This article was provided by hippo.co.za
There are a number of factors to be taken in consideration with the start-up of any business, and inadequate planning may lead to your company’s demise. One thing your business insurance does not cover is insufficient planning.
At the dawn of every enterprise, a plan is developed which outlines business operations, financial forecasting, and short-to-medium-term as well as long-term goals. Having periodic check-ups against these will enable you to adapt the business plan accordingly, and monitor performance based on what your initial financial forecasts were. This empowers you to make decisions as to what needs to be changed in your business operations now, in order to achieve success later.
Start-ups often do not survive the first five years of operation and so, if you are making your dream business a reality, you need to keep track of the highest expenses that you’re likely to incur within the first five years.
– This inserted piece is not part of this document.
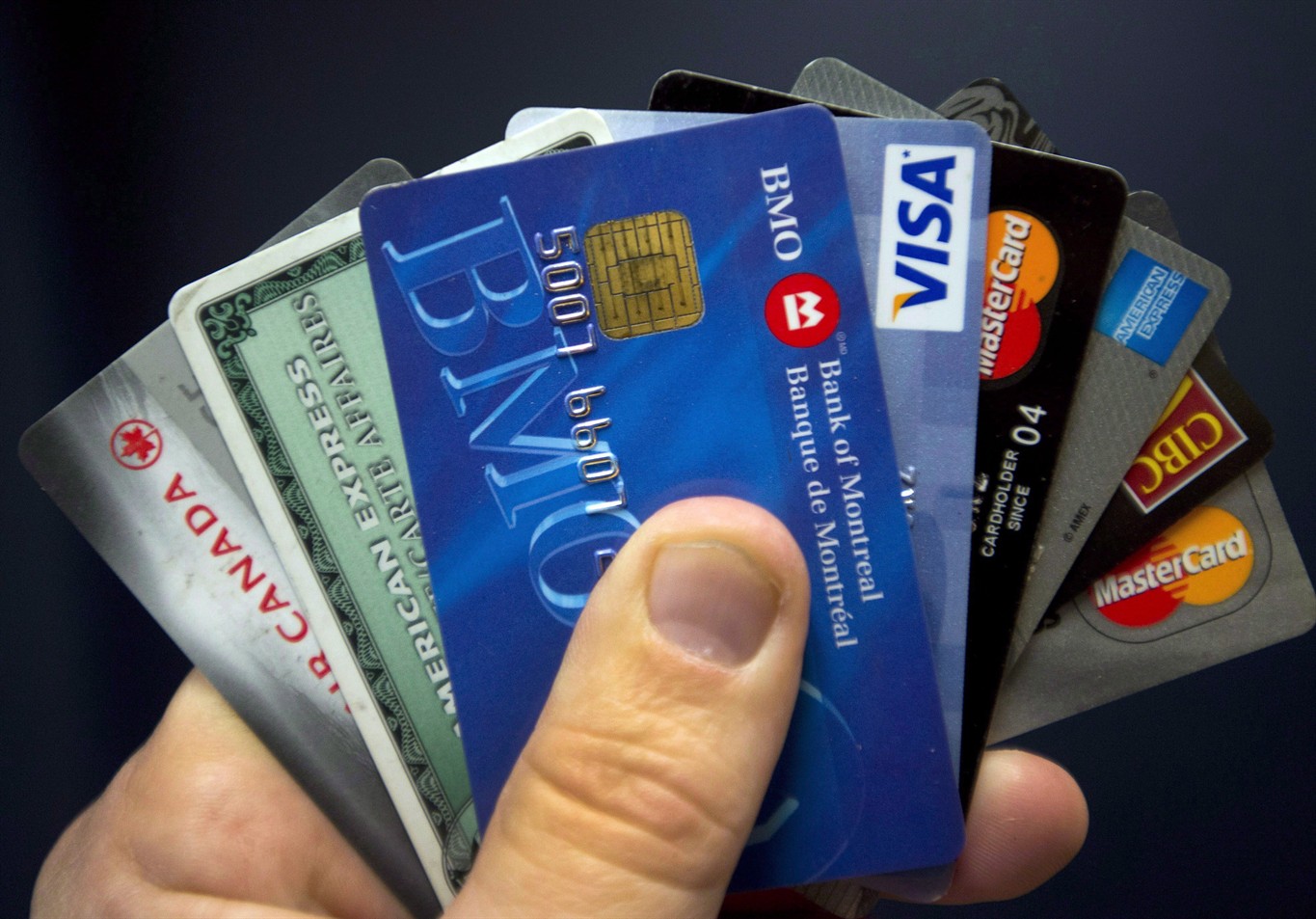 debit-and-credit-cards-collect-more-bacteria-than-cash-study-says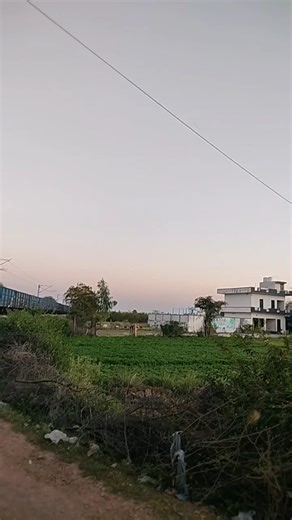 train shot viral short subscriber#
In no particular order, the factors detailed below may form part of the highest expenses business owners are likely to experience within those crucial first five years of operation.
The cost of the tools of the trade will depend on the industry your business is in, whether you’re in information technology, construction or health and wellness to mention a few. Every business will have expenses relating to the equipment needed for operation. In addition to specialised equipment, the more generic office equipment such as computers and telephones, is also required. Whatever category your equipment falls into, the odds are high that they’ll require maintenance or complete replacement within the five-year period.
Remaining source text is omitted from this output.